_Data shown:_

-.-.-

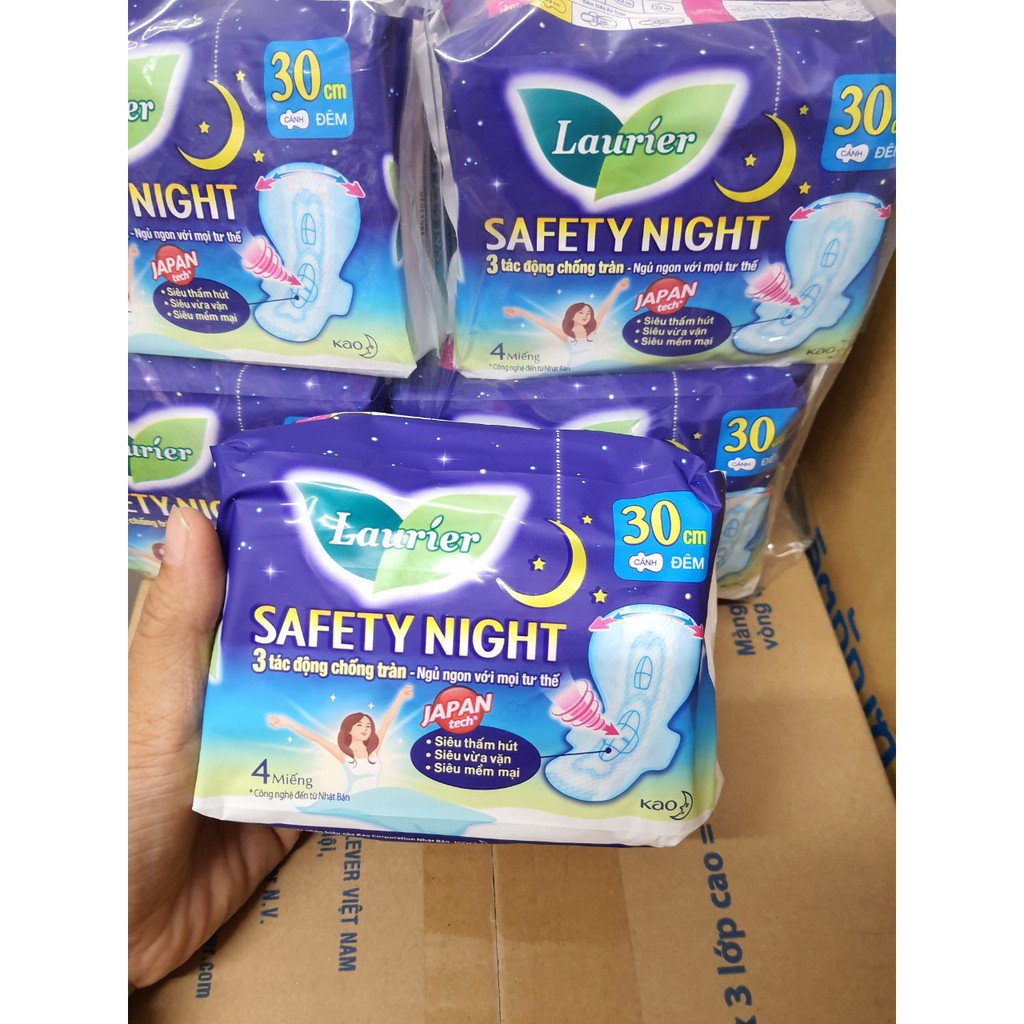 combo 3 Băng Vệ Sinh Laurier Đêm 30cm 4 Miếng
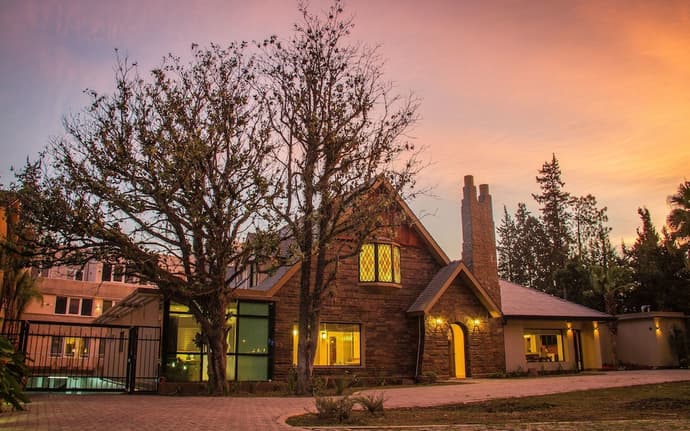 Howard Johnson by Wyndham Yerba Buena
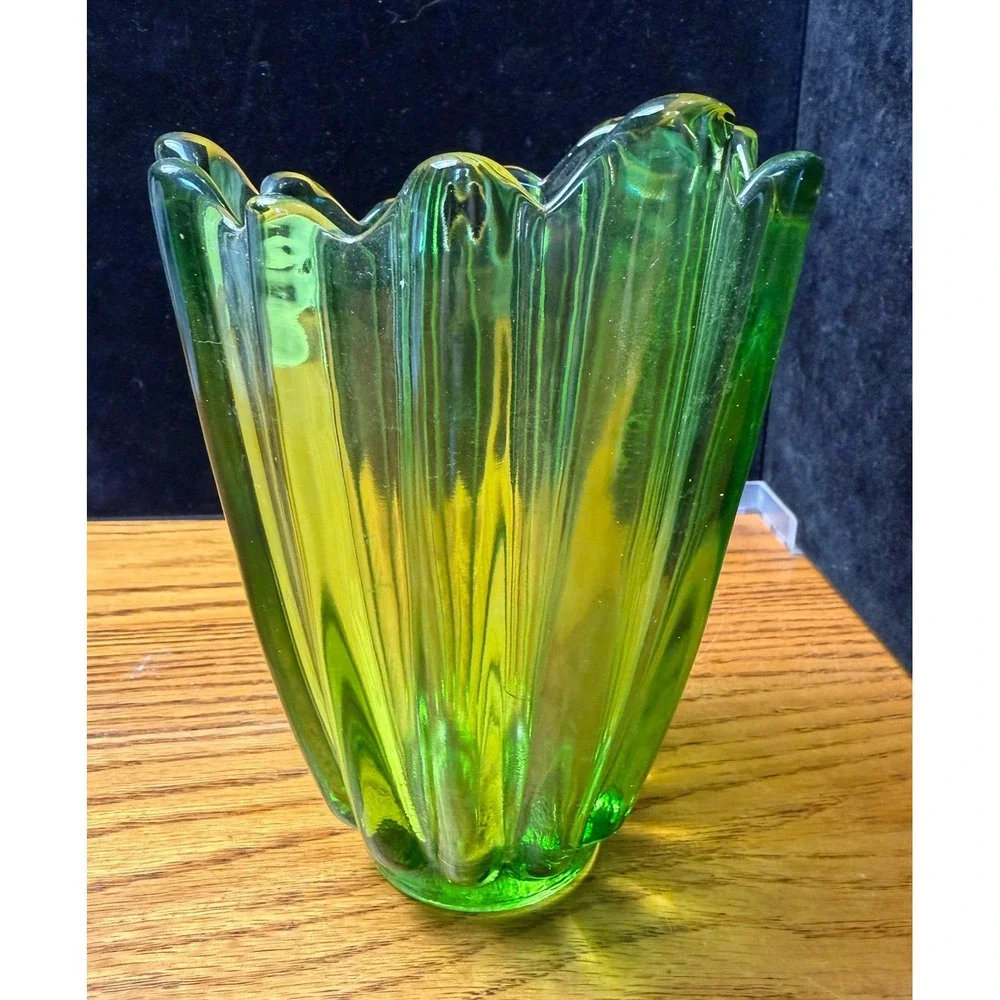 N/A vibrant green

-.-.-

_Exercise instructions:_ Your response should reproduce the entire listing verbatim, minus the pictures.

_Expected answer:_
 combo 3 Băng Vệ Sinh Laurier Đêm 30cm 4 Miếng
 Howard Johnson by Wyndham Yerba Buena
 N/A vibrant green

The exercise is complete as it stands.